Everything in the listing below has to be repeated exactly, except the pictures.

### Stored data

::::

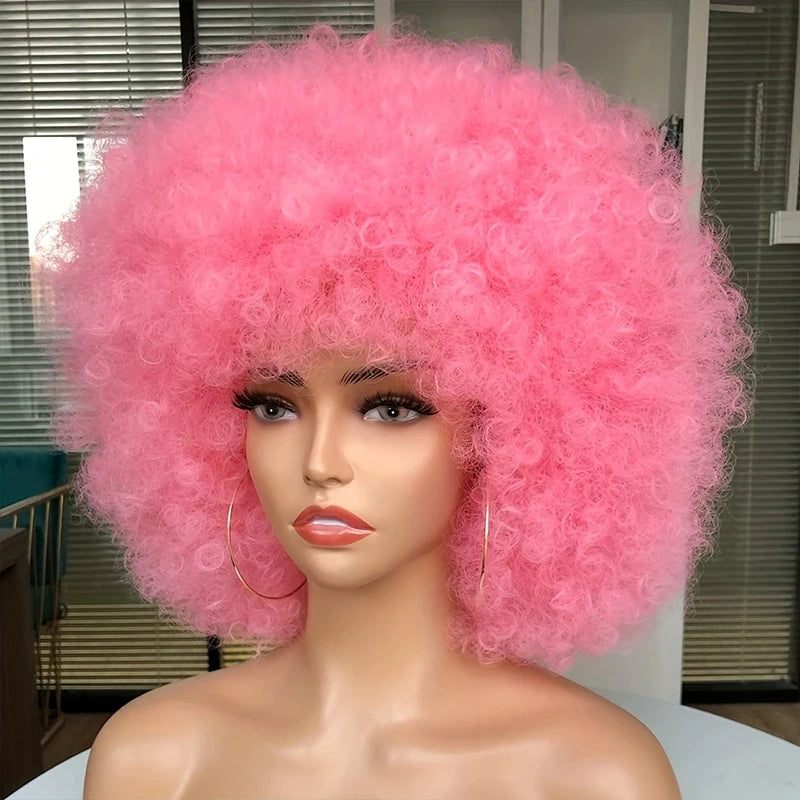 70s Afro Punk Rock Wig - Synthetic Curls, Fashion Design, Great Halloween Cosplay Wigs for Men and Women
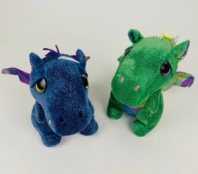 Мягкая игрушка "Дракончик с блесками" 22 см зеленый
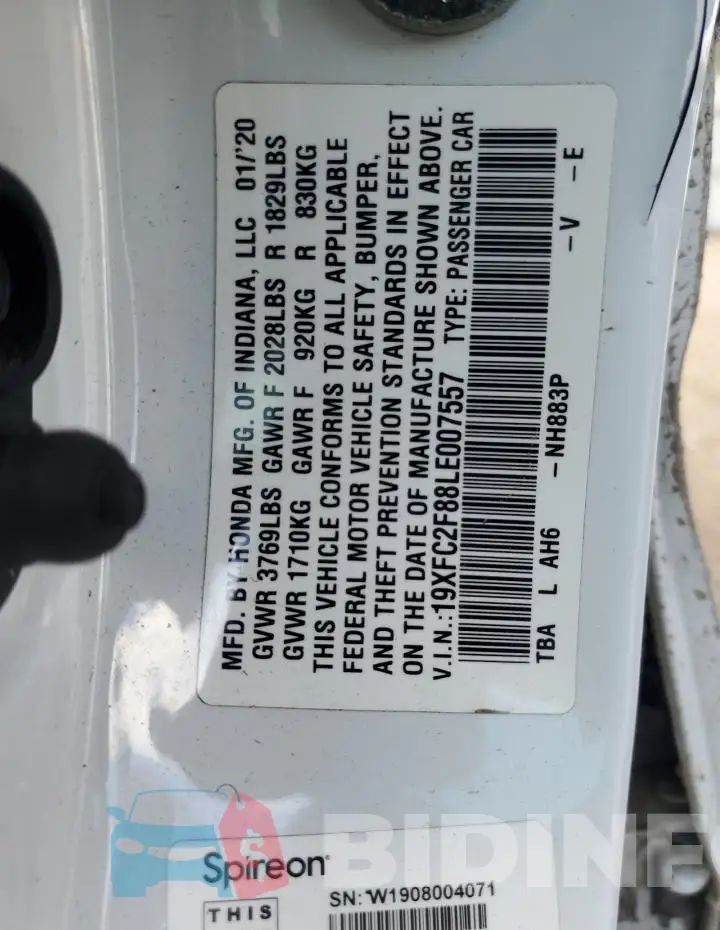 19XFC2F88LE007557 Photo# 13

::::

### Finished exercise
 70s Afro Punk Rock Wig - Synthetic Curls, Fashion Design, Great Halloween Cosplay Wigs for Men and Women
 Мягкая игрушка "Дракончик с блесками" 22 см зеленый
 19XFC2F88LE007557 Photo# 13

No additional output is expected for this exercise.